Try it:
Please repeat the lines below, exactly and only, from the one that holds "Hang Tags - No" through the one that holds "Panoramic view of rocks on beach against sky".
>>>>
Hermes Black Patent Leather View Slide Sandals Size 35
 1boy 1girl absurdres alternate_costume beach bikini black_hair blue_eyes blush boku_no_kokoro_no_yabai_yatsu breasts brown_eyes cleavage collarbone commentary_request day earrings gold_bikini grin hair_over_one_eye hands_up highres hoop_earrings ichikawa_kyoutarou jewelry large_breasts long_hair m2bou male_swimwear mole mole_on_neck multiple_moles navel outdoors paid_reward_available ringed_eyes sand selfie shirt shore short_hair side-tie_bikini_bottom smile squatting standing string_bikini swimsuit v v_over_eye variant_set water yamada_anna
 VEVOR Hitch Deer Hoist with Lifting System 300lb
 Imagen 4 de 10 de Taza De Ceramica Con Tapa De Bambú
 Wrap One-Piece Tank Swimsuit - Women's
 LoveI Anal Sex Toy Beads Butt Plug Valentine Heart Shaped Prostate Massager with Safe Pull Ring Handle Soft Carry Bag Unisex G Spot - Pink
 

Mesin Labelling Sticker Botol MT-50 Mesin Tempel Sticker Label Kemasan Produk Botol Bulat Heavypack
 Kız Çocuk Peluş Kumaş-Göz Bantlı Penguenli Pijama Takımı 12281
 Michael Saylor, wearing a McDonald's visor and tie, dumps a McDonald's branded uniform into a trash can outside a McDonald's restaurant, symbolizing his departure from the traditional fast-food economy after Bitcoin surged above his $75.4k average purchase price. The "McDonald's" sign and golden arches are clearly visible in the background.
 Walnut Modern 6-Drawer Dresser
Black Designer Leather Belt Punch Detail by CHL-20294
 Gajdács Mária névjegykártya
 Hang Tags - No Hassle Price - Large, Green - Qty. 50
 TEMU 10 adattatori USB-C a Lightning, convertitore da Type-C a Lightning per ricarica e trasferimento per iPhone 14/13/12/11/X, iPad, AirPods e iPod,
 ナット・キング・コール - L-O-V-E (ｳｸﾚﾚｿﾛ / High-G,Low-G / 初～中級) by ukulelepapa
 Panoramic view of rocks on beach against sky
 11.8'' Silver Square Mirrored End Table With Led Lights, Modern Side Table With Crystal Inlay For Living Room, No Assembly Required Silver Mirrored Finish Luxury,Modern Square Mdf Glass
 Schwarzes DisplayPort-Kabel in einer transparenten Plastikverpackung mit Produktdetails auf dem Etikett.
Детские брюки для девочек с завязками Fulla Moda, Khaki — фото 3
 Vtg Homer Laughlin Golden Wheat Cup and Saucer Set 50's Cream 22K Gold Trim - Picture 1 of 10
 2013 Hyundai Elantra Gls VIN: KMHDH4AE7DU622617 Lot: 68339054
<<<<
The completed task:
 Hang Tags - No Hassle Price - Large, Green - Qty. 50
 TEMU 10 adattatori USB-C a Lightning, convertitore da Type-C a Lightning per ricarica e trasferimento per iPhone 14/13/12/11/X, iPad, AirPods e iPod,
 ナット・キング・コール - L-O-V-E (ｳｸﾚﾚｿﾛ / High-G,Low-G / 初～中級) by ukulelepapa
 Panoramic view of rocks on beach against sky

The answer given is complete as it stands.